You have to have an ego as big as a truck. Otherwise you get blown away by the first person who comes along.

A lot companies want their employees to be innovative. Is there any process by which it can be institutionalised?

Yes. The thing is that you can get far more done by reward than by scolding. If someone comes up with a bright idea that takes say a million pounds off the production line costs then you might say give him a £50,000 BMW car. Then your accountant says no we can't afford £50,000. Then you say shut up and show him how you can. You get the managing director and the fellow that took the million quid, take him out to the quadrangle, invite the press and they take photographs of the key being given to the guy. Two things happen. You get £200-300,000 worth publicity to the company plus the fact that youngster has got the car and everybody in the company says, ''Shit, I'd like a BMW car''. And they then are inspired to have a go. That's the profitable way forward. To treat people with respect.

What is the hardest part of being an inventor?

Overcoming other people's indifference. You have to have an ego as big as a truck otherwise you get blown away by the first person who comes along. There's lot of envy. When the genie is out of the bottle it's so much easier. People say ah! it is so obvious. Even I could have done that. Or I could have told you that won't work. For me I'm in the bottle with the genie. That's the fun part for me.

Is invention a 9 to 5 kind of a job for you?

No. It doesn't work that way. I don't get up in the morning and say I'm going to invent something! What I tend to do is if I have something which instinctively tells me is a "go-er", and if I am enjoying it enough, I will go with it.

Are you an inventor with a heart? Do you think what you invent should touch the everyday lives of people.

I do tend to think along those lines, but I'm not a do-gooder. So, don't get the impression that I am some sort of a holy child. But every product that I work on, I always try to make it a personal power or a free electricity source. I'm very interested in ecology, the third-world scenario, and disabled people. I think I was a very lucky boy. I have got more than most and it's payback time. Try and help other people bring their ideas to fruition, and if they can make a few bucks, and improve their own social circumstances by doing so, I will help.
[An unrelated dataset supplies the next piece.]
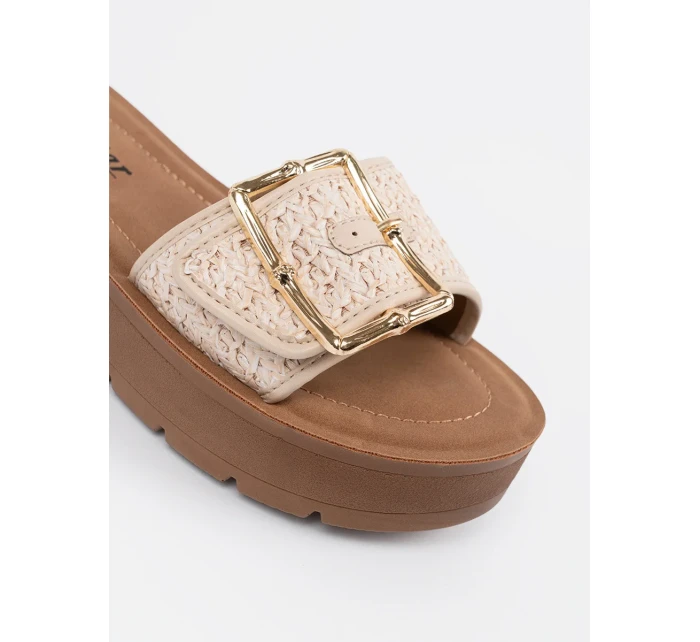 Pohodlné  nazouváky dámské Jasnobeżowy platforma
Is that the idea behind the Trevor Baylis Foundation?

Yes. It is to be able to take a person's idea and make sure that when the money rolls in, that inventor is not rolled out. Simultaneously, give them a little bit of showtime if that's what they want and try and find the right manufacturers to make sure that the product is made properly and the inventor is not ripped off.
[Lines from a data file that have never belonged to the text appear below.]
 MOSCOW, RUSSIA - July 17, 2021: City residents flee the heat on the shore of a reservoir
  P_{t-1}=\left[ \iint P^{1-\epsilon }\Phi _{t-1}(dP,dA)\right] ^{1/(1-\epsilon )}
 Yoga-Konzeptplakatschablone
Is the foundation working exclusively in the UK?

No I would like it to be an international affair. I went to India three years ago with the British Council and I know just how inventive the Indians are. It's amazing. I was very impressed with the whole thing. In fact, I'd love to go over and see those guys again. I would like the foundation to work over there and help inventors get off the ground. If we can find some guys in India who are interested in backing the foundation it will be great. Remember, it's about the inventor, and not so much about the people who've put the money in. It's payback's about about people who have made their pile of money and believe that new people coming through should be given a break. And that's fundamentally what (the foundation) is about.

Do you have any regrets...of not having done enough or do you think you could have done things differently?

The biggest disappointment that I had was that I could not represent my country in the Olympic games in 1956. I was a backstroke swimmer. I worked so hard to get to Melbourne and I didn't make it. That is my biggest regret. It's a very competitive sport and I just wasn't quick enough on that day.

Any regrets on the inventions front?

It's frustrating at times when nobody takes up your invention, when you lack financial backers.

Is there any exciting new project you are working on?

Well, it is for me to know and for you to guess (laughs).